**HOW TO COMPLETE THIS TASK:** In the listing that follows, copy out each line that includes the word "China".

**MATERIAL SUPPLIED:**

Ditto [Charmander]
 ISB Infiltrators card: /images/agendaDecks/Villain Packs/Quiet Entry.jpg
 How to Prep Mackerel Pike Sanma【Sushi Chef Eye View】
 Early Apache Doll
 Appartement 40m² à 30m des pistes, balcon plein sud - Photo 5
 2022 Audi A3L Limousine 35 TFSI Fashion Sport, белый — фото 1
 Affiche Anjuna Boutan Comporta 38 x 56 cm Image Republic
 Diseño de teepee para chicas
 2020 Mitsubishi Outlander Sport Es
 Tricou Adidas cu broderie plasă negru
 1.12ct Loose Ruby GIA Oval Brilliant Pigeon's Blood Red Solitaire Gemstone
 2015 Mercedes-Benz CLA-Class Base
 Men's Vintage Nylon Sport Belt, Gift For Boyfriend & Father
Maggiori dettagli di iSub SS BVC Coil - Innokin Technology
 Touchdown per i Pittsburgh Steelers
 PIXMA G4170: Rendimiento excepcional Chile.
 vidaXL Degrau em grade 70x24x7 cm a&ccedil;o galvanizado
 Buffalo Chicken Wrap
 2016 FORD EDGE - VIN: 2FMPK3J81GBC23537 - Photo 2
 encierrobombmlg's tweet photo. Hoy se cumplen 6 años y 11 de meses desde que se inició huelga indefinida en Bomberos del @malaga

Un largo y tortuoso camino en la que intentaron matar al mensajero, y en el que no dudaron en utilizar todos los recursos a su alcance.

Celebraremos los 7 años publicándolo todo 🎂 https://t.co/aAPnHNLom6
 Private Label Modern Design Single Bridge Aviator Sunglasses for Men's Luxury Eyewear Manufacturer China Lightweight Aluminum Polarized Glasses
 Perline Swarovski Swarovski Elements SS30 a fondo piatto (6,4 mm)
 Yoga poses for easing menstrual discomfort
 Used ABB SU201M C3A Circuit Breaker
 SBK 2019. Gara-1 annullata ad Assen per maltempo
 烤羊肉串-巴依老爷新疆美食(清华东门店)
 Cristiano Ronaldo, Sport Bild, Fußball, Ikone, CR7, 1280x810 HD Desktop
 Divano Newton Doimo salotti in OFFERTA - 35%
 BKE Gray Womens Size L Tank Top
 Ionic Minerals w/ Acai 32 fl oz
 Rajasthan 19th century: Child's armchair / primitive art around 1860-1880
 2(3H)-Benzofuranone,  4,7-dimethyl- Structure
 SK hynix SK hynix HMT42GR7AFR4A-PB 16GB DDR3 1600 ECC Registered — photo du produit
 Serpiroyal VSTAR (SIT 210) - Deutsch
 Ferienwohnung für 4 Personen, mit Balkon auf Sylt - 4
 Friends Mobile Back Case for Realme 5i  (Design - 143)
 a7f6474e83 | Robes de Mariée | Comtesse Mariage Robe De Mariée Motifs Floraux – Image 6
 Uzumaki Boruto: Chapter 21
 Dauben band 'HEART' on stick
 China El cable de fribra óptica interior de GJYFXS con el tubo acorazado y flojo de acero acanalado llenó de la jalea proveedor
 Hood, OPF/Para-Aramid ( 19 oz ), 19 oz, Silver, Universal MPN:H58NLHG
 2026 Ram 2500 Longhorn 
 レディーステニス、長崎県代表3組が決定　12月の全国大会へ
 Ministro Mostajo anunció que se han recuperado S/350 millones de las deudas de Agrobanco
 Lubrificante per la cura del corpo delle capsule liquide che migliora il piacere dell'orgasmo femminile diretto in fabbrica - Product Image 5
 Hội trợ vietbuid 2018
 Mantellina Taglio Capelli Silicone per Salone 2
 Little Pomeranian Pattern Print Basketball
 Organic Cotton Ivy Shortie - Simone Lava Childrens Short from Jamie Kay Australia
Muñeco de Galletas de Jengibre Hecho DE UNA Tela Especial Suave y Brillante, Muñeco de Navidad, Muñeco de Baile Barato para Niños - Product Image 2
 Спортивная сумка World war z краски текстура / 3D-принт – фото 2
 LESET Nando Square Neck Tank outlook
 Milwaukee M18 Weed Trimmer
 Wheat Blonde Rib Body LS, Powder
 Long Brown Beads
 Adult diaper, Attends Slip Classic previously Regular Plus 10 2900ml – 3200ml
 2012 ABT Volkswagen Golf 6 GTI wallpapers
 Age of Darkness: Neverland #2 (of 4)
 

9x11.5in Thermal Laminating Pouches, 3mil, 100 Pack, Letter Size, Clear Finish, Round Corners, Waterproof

**REPLY TO THE TASK:**
 Private Label Modern Design Single Bridge Aviator Sunglasses for Men's Luxury Eyewear Manufacturer China Lightweight Aluminum Polarized Glasses
 China El cable de fribra óptica interior de GJYFXS con el tubo acorazado y flojo de acero acanalado llenó de la jalea proveedor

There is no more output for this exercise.